In 1976 the two artists revealed their joint project to the public in a show that caused such ravenous curiosity that police had to control the crowds on the sidewalk. Inside, there hung Warhol’s depiction of Jamie as wholesomeness personified.

And there, like a framed thunderclap, hung Jamie’s portrait of Warhol.

For years the people around Warhol had played his game. They worked in his Factory to build his reputation and soothe his ego. But Jamie’s portrait cut like a scalpel to Warhol’s messy heart; he painted Warhol with all the scrutiny and detail he might apply to a hog on the farm in Pennsylvania. The portrait shows Warhol’s pale, pimpled skin, raw fingers, slack mouth. Eyes like black holes sucking in anything with mass and substance. Fragile.

Before long, the two artists parted ways. Warhol had had enough. “I was an oddity,” Jamie said. “If anything, I used him more than he used me.”

Warhol surrounded himself with bizarre characters who tried their best to shock the pop artist and elicit his famously murmured “Ah … ” or “Yeah … ” And now this simple-seeming boy from that imagined place called Wyeth Country had turned it all inside out. “I think he’s peculiar,” the pop artist said. “Maybe even more peculiar than I am.”

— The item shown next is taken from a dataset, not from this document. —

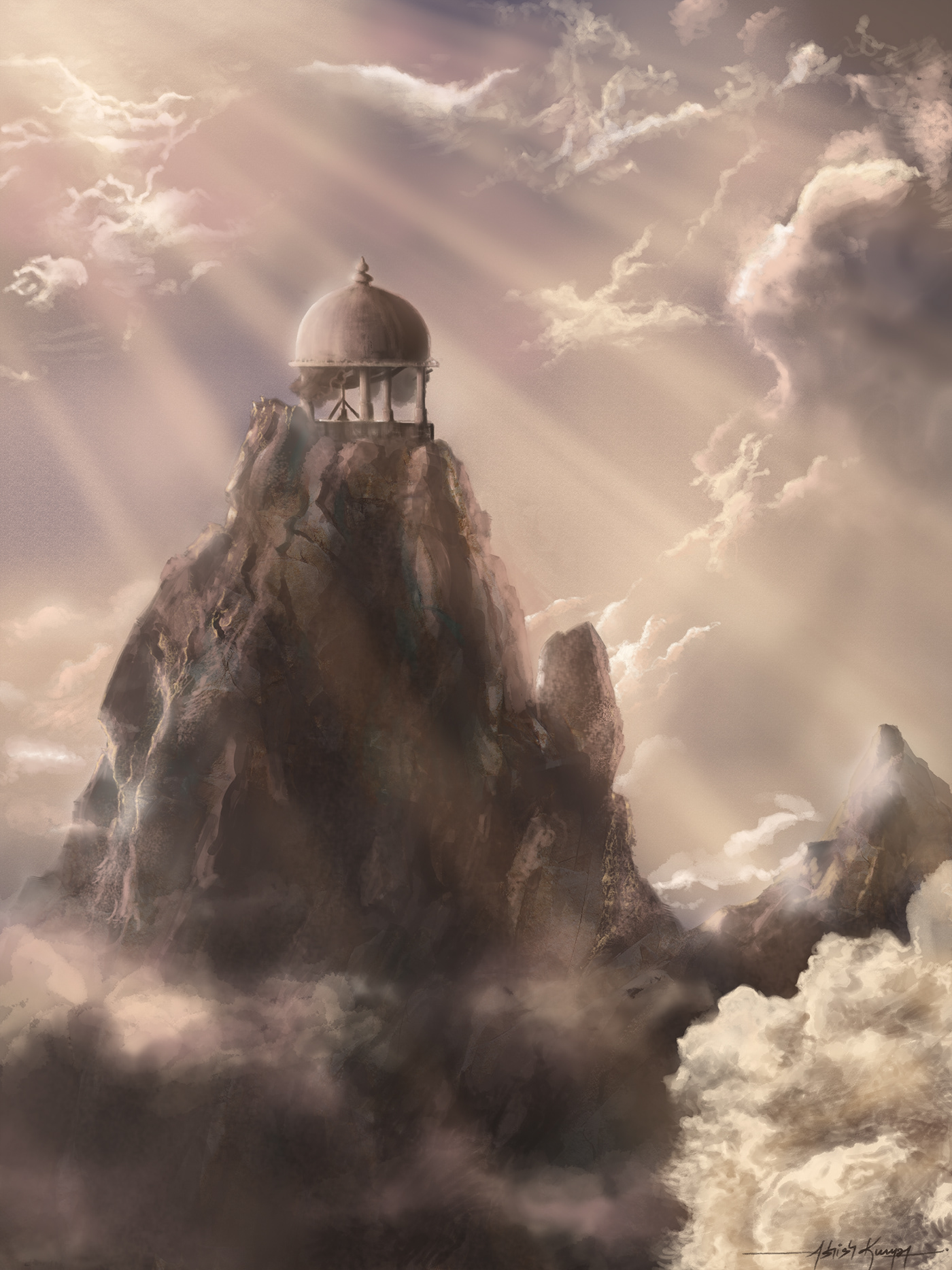 digital painting concept art Game Art god of war temple realistic photoshop clouds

Jamie Wyeth had freaked out Andy Warhol.

JAMIE RACED HIS 60-year-old pickup across the Brandywine to the funeral, which was, it turned out, on Frolic Weymouth’s grounds.

Weymouth was the “real character” Jamie had mentioned, who owns one of the country’s finest collections of horse carriages and uses them regularly. Weymouth is also the official portraitist for Prince Philip of England, and once noticed that the British royals all have private chapels. So he built a chapel of his own at Big Bend. It’s a small, elegant structure of stone and wood, with doorways and window frames open to the elements. Each bench seat bears, of course, a tiny metal tortoise.

The funeral was a raucous event, as funerals go. The deceased, a man named Owen, lived a boisterous life, and his friends laughed through stories of him charging around the Chadds Ford area in various stages of undress. He had posed for Jamie once, and now Jamie stood at the edge of the crowd with his hands clasped behind his back, smiling at recollections. Frolic Weymouth attended, chatting alongside biker Andy Bell. The Wyeth world, for all its renown and adoration, is confined to a handful of people scattered over a few square miles of pasture land.